▶
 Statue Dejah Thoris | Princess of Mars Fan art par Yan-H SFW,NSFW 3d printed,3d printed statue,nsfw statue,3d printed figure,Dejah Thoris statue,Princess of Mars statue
◀
▶
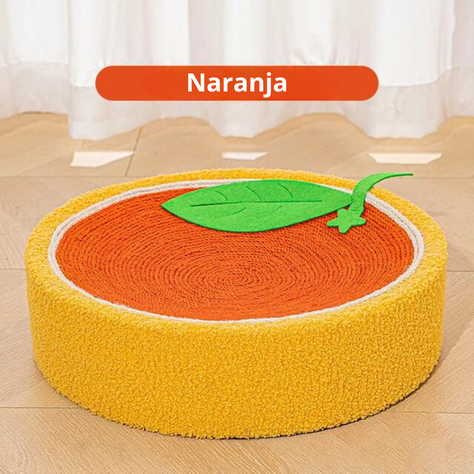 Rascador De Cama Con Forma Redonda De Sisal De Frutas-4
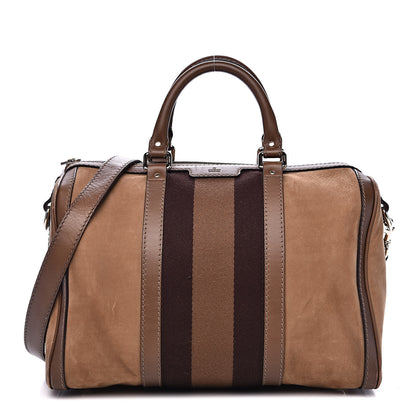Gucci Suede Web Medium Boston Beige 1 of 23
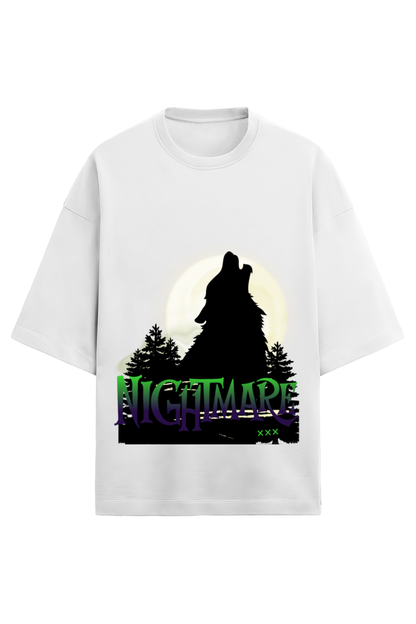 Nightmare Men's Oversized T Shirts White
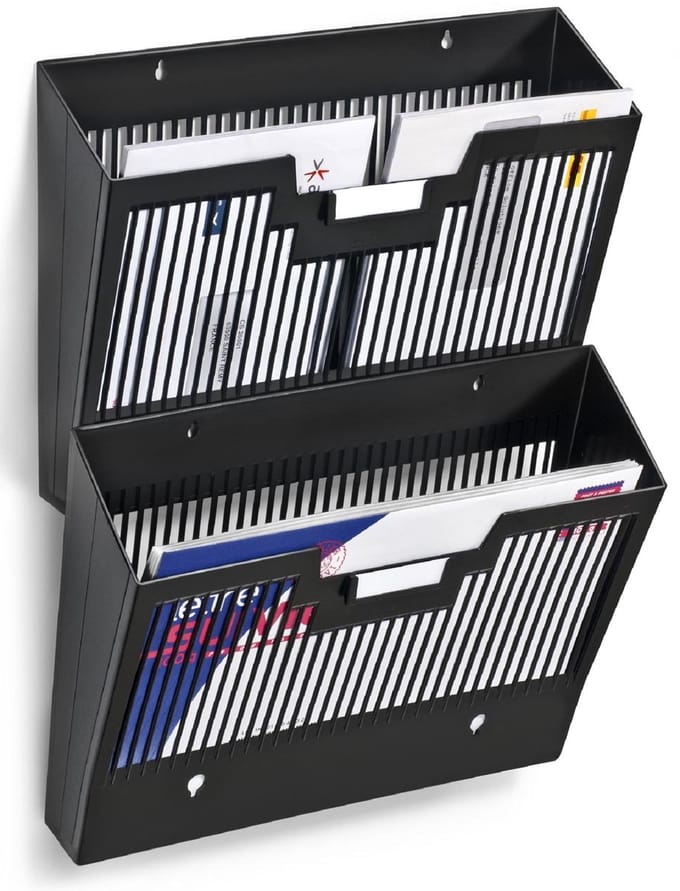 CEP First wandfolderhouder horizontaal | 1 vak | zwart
◀
▶
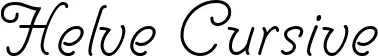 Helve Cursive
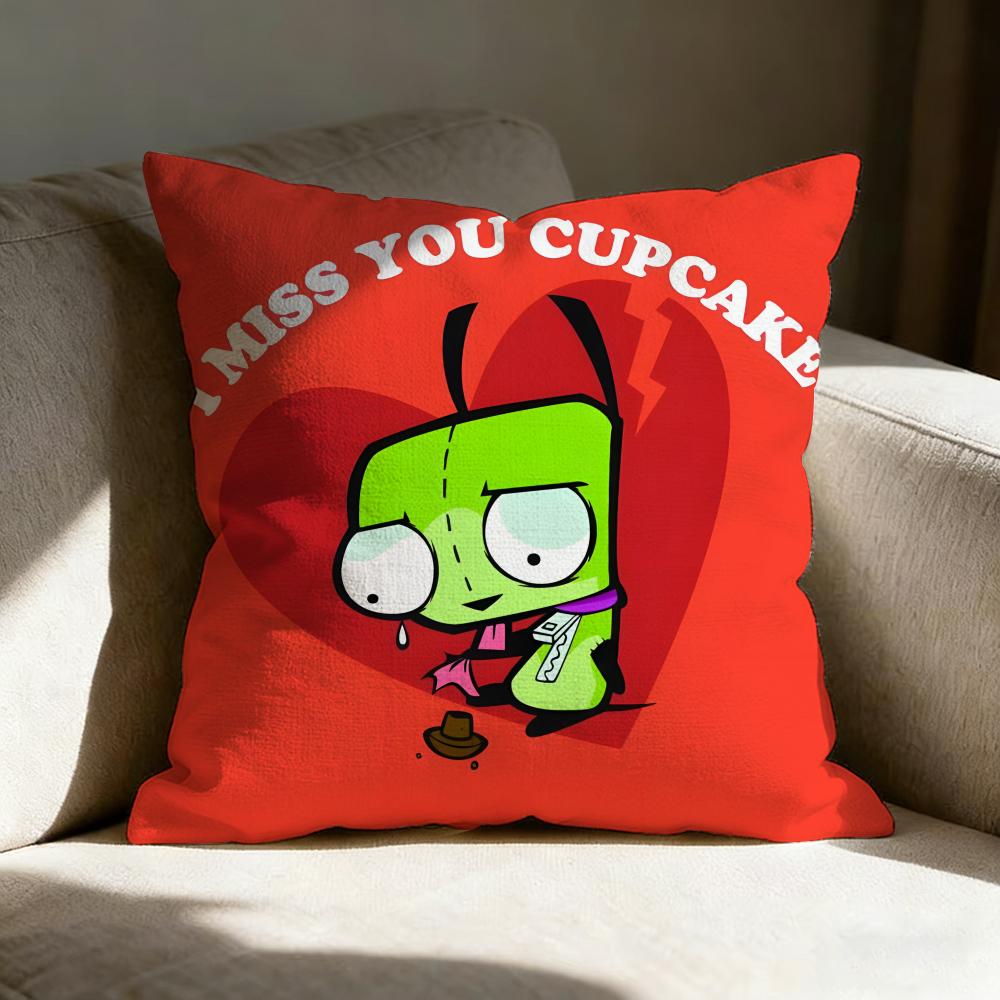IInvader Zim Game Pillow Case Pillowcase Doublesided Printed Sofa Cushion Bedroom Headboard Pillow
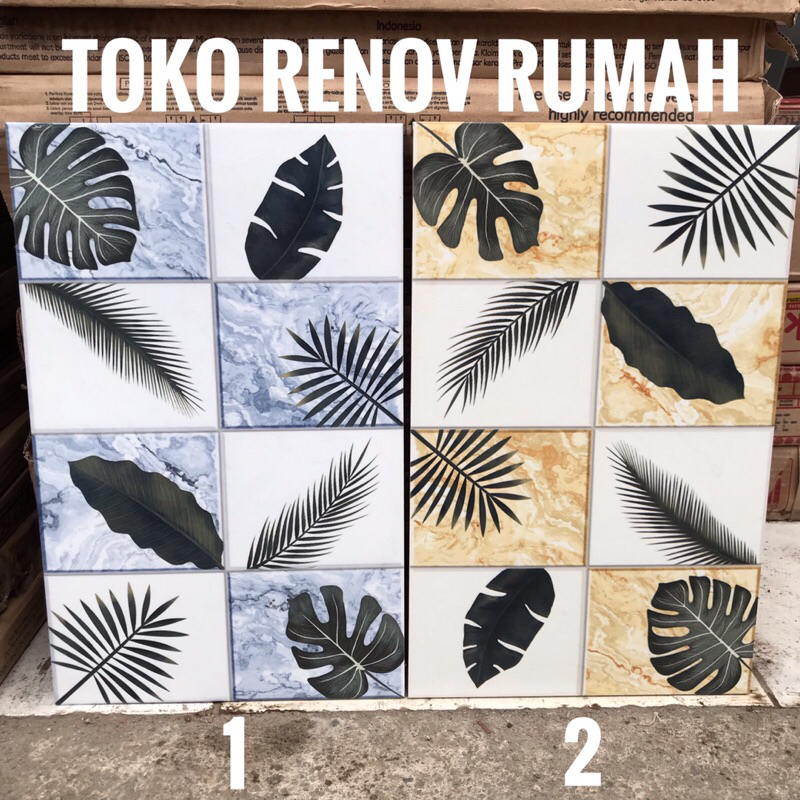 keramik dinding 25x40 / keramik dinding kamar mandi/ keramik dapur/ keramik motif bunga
◀
■ Problem description: Please return the material above only from the line that holds "Rascador De Cama" through the line that holds "CEP First wandfolderhouder", exactly as it stands, ends included and pictures omitted.

■ Solved problem:
 Rascador De Cama Con Forma Redonda De Sisal De Frutas-4
Gucci Suede Web Medium Boston Beige 1 of 23
 Nightmare Men's Oversized T Shirts White
 CEP First wandfolderhouder horizontaal | 1 vak | zwart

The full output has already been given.